Côte-Rôtie is represented by two cuvees: Maison Rouge, a pure Syrah whose name refers to the small red house located at the feet of this impressively steep lieu-dit made of granite-rich soil and Blonde du Seigneur, a Syrah-Viognier blend which combines richness of flavours and a floral aspect.
The Vins de Pays des Collines Rhodanienne's range represented by Le Pied de Samson (Viognier); Fleurs de Mai and Mirebaudy (Syrah cuvees) is really worth the discovery and constitute an ideal first step in your approach and exploration of this great domaine.
Côtes du Rhône
Classified in 1937, Côtes du Rhône is an enormous appellation encompassing red, white and rosé wines covering an area of 40,300 ha and producing a crop that is 3 times larger than Beaujolais and almost as much as Bordeaux. Although this wine can come from across the Rhône region, more than 90% comes from the south. With the honourable exception of those produced by famous northern names like Jaboulet and Guigal, the finest examples are made in the south.

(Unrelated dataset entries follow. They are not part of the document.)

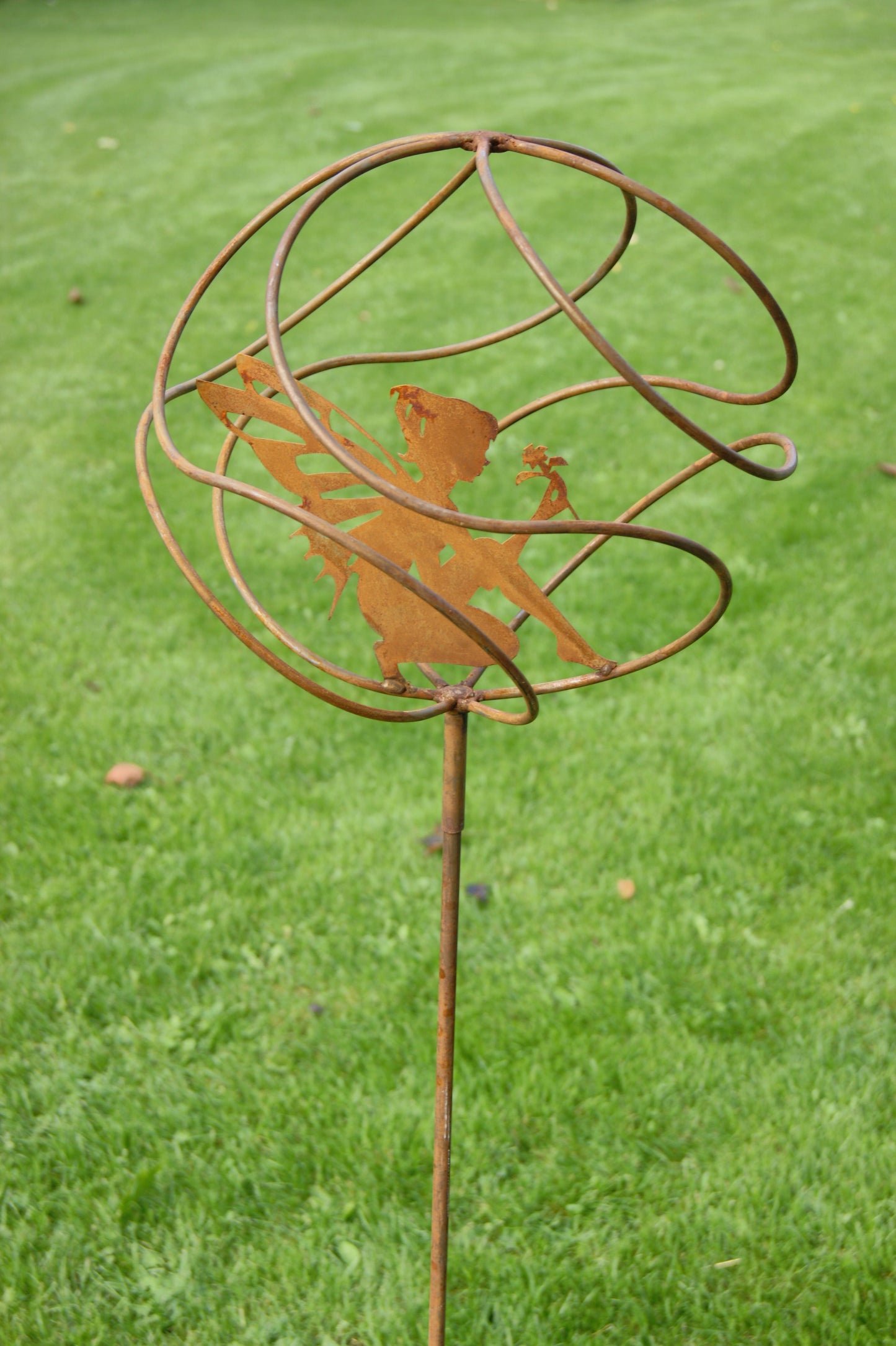 TANGLE BALL ON 4ft STEM WITH SITTING FAIRY - Ready to Rust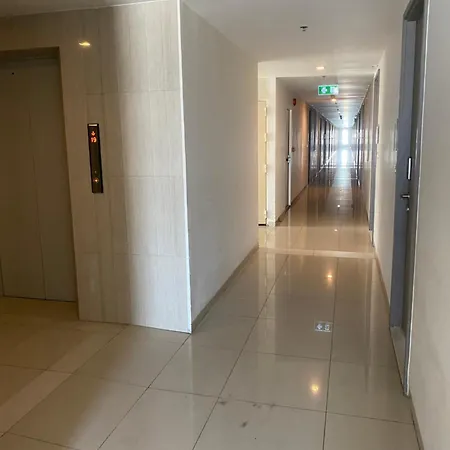 Apartment The Base Pattaya: Beachfront Near Shopping Pattaya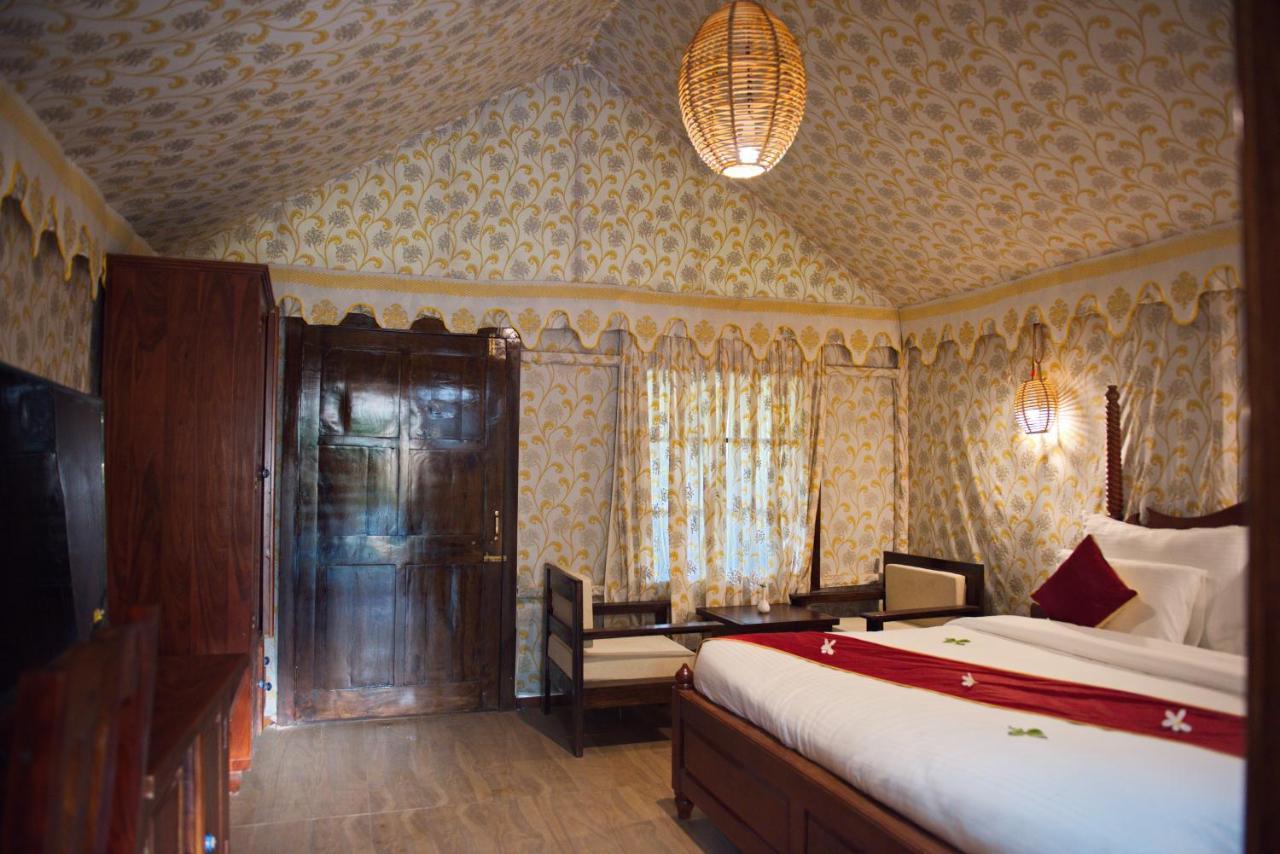 Wild Rose Resort & Spa Pushkar Esterno foto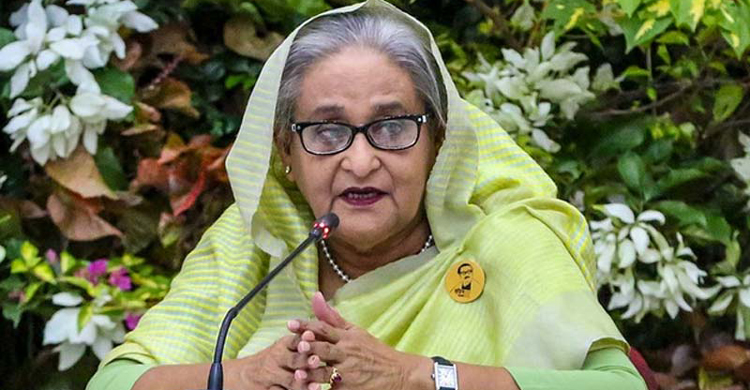 দুঃখী মানুষের মুখে হাসি ফোটাতে চাই : প্র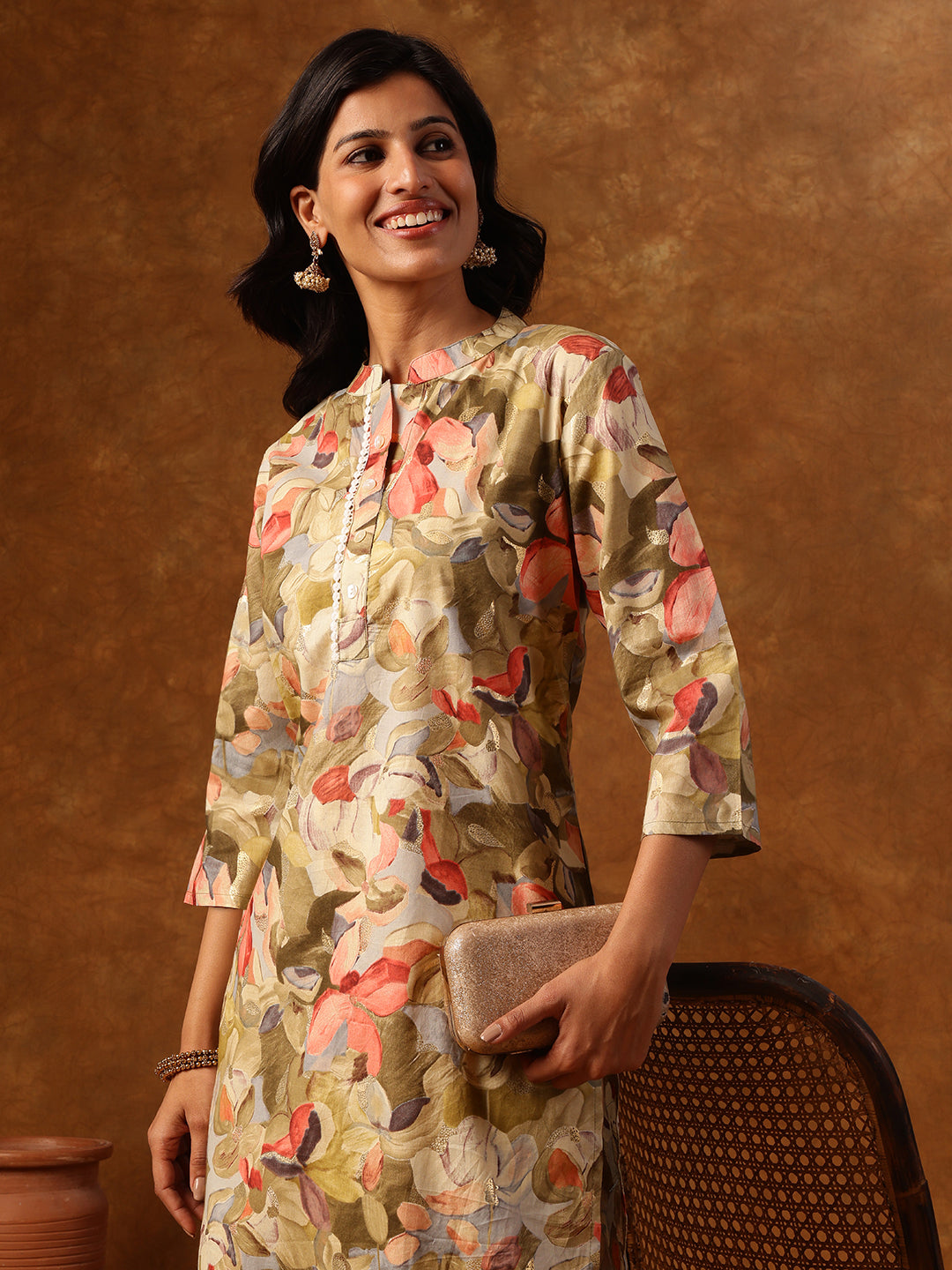 Green Floral Printed Straight Kurta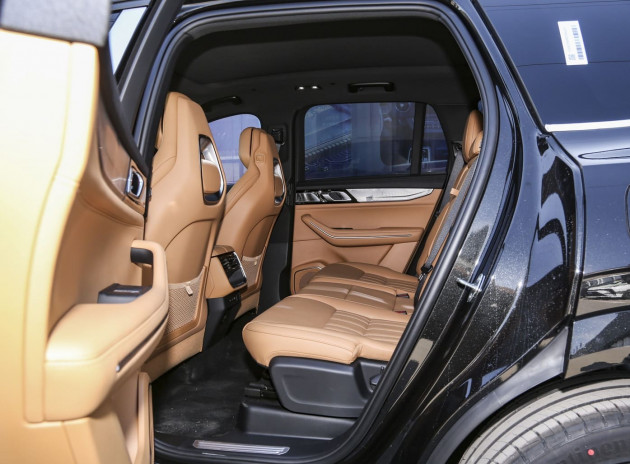 Lynk & Co 09 EM-P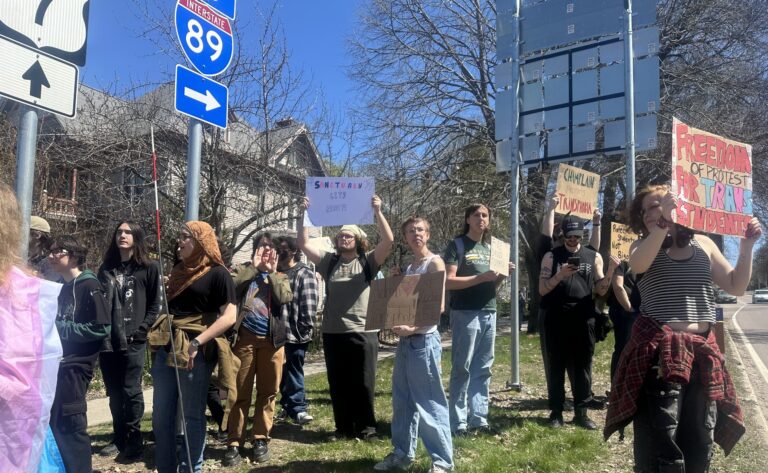Le Collège Champlain disciplinera les étudiants qui ont protesté contre un professeur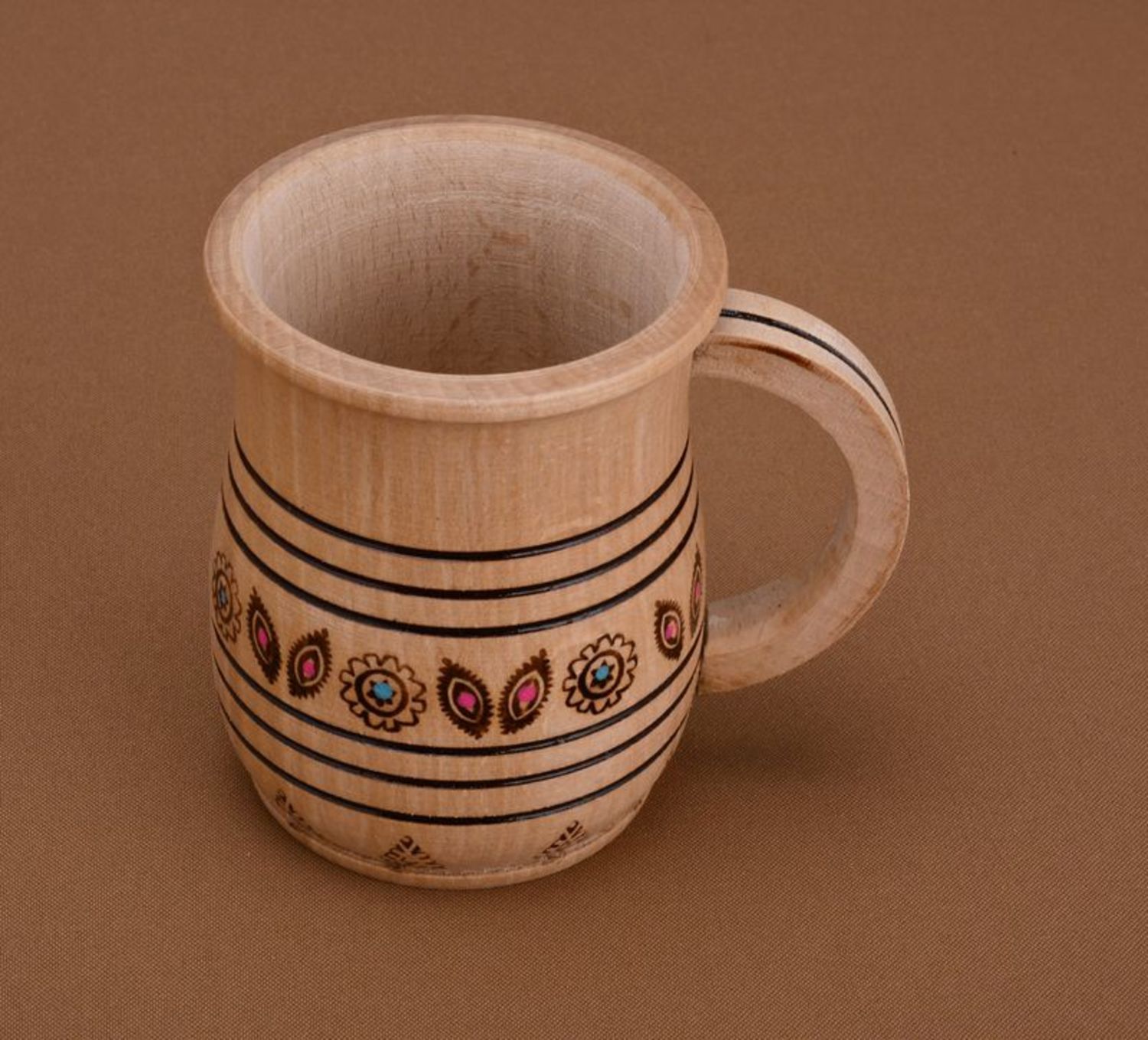 Decorative wooden mug photo 2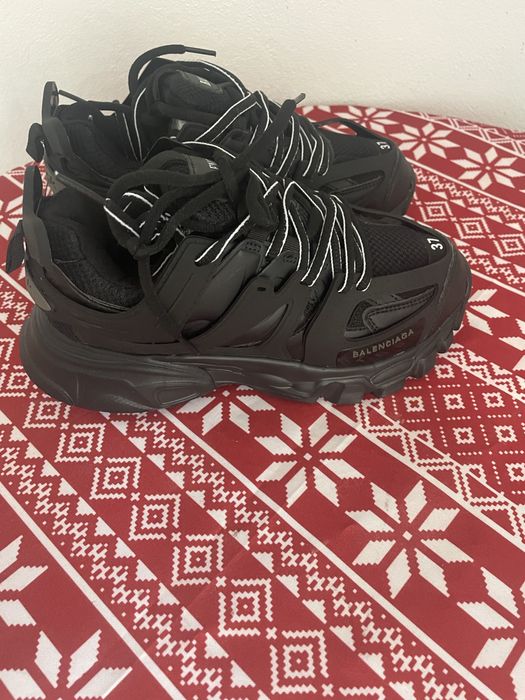 Balenciaga  Nr 37 Nou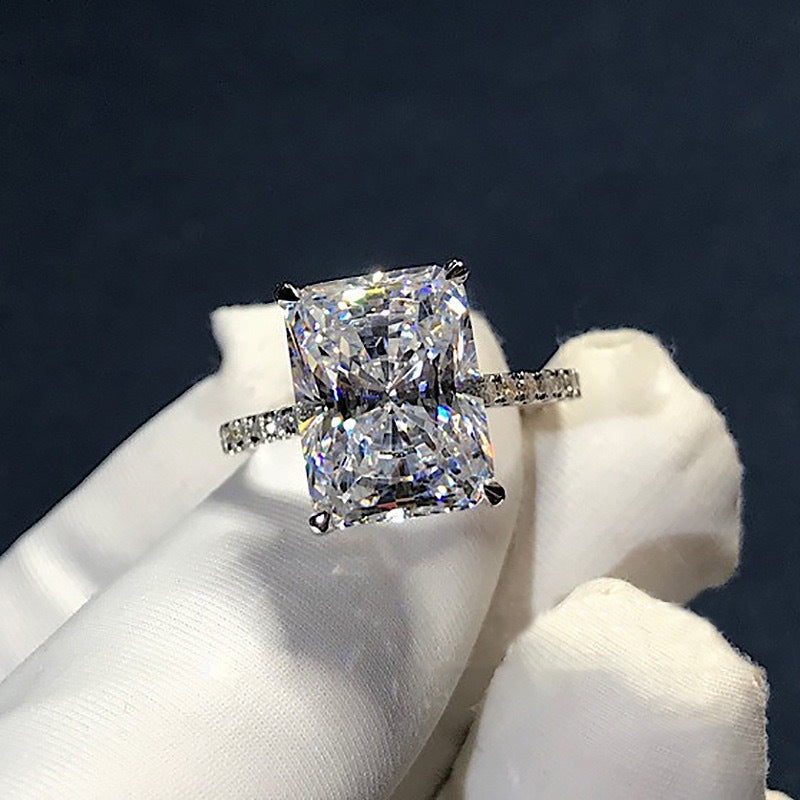 Classic Women's Zircon Shipment Plum Blossom Ring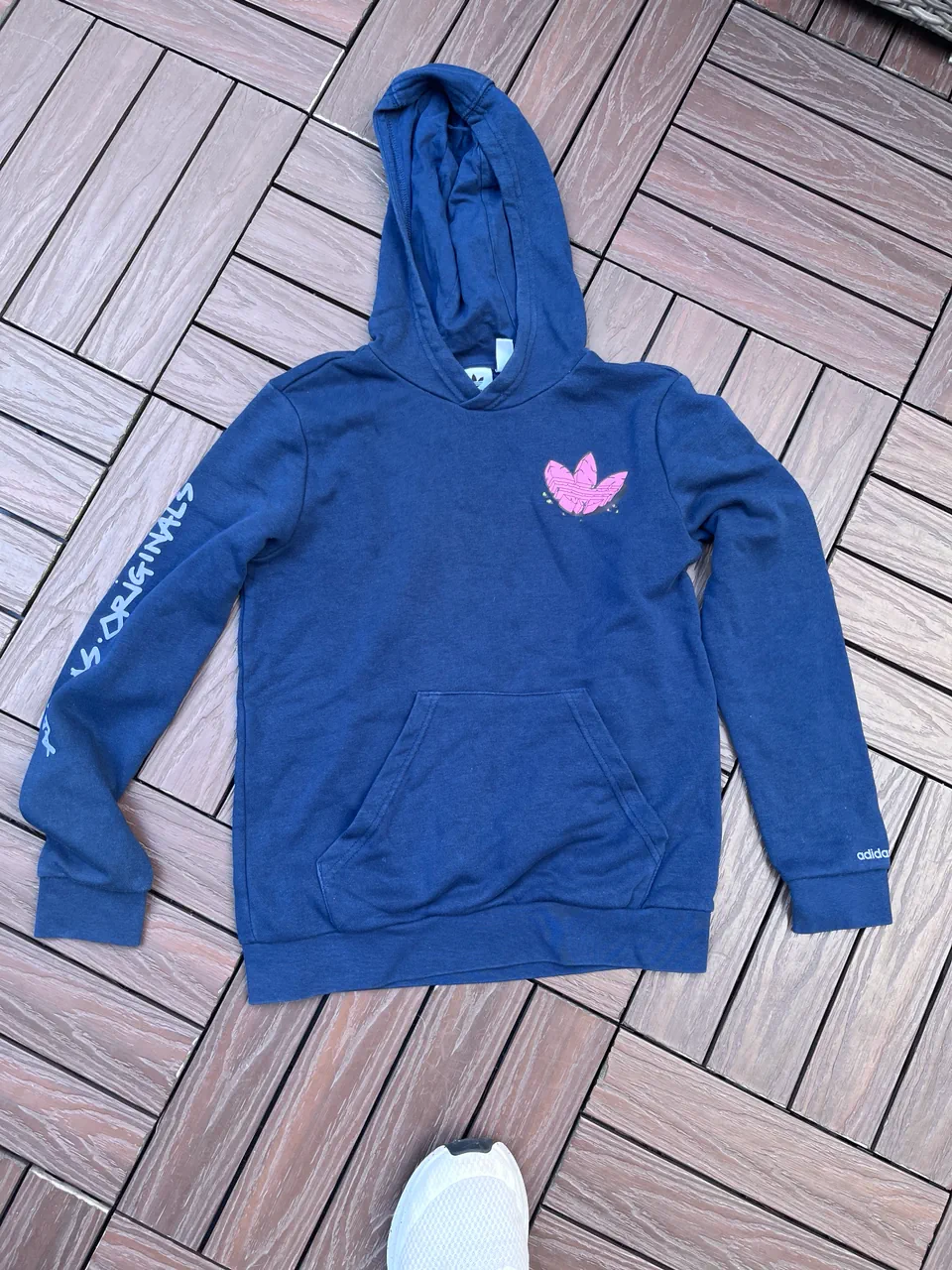 Buzo adidas · Talle M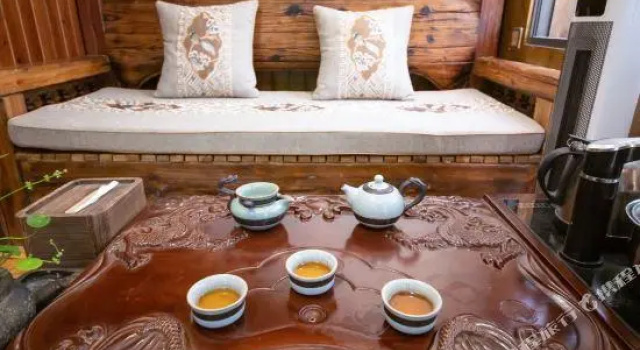 Xingfu Wutuobang Gufeng Qingshe Hostel, Book Hostel Xiangxi Hunan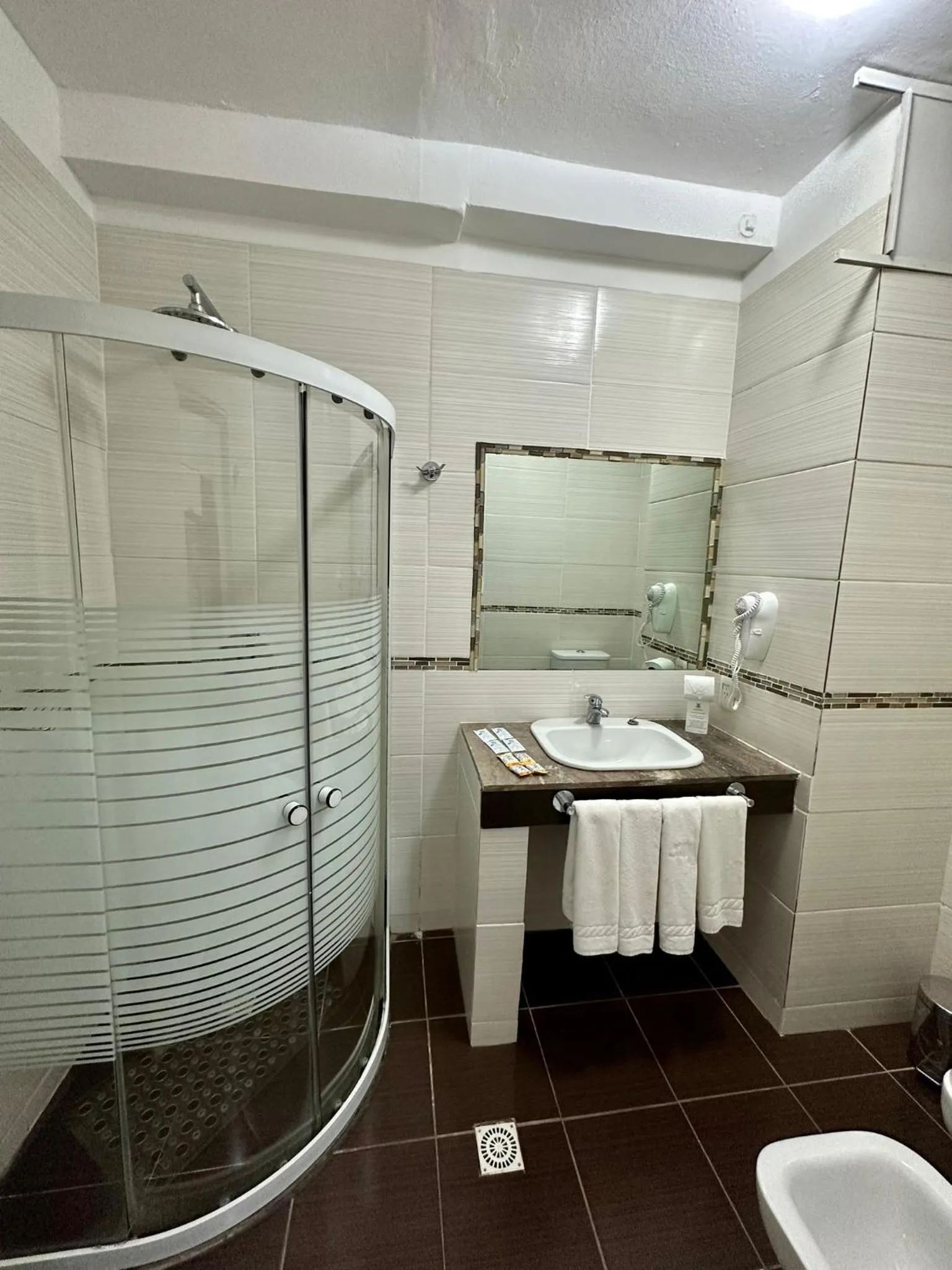 Bathroom in Punta del Este Shelton Hotel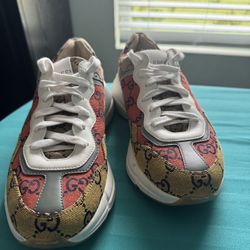 Gucci Shoes Original Used Like New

Red wine dominates, made with a minimum of 40% Grenache (except in the north where Syrah is allowed to be top dog) normally partnered by Syrah and/or Mourvèdre; another 18 varieties are also permitted. Typically light and fruity, the best examples can be rich, spicy and full-bodied. Almost all are best drunk young.
Quality varies from the very ordinary to the exceptional. Much is produced by cooperatives but the best come from the increasing number of individual estates and Châteauneuf-du-Pape producers like Beaucastel who produce premium entry wines here. White and rosé Côtes du Rhônes account for only 2% and 4% respectively, although both can be very good.
A noble black grape variety grown particularly in the Northern Rhône where it produces the great red wines of Hermitage, Cote Rôtie and Cornas, and in Australia where it produces wines of startling depth and intensity. Reasonably low yields are a crucial factor for quality as is picking at optimum ripeness. Its heartland, Hermitage and Côte Rôtie, consists of 270 hectares of steeply terraced vineyards producing wines that brim with pepper, spices, tar and black treacle when young. After 5-10 years they become smooth and velvety with pronounced fruit characteristics of damsons, raspberries, blackcurrants and loganberries.
It is now grown extensively in the Southern Rhône where it is blended with Grenache and Mourvèdre to produce the great red wines of Châteauneuf du Pape and Gigondas amongst others. Its spiritual home in Australia is the Barossa Valley, where there are plantings dating as far back as 1860. Australian Shiraz tends to be sweeter than its Northern Rhône counterpart and the best examples are redolent of new leather, dark chocolate, liquorice, and prunes and display a blackcurrant lusciousness.
South African producers such as Eben Sadie are now producing world- class Shiraz wines that represent astonishing value for money.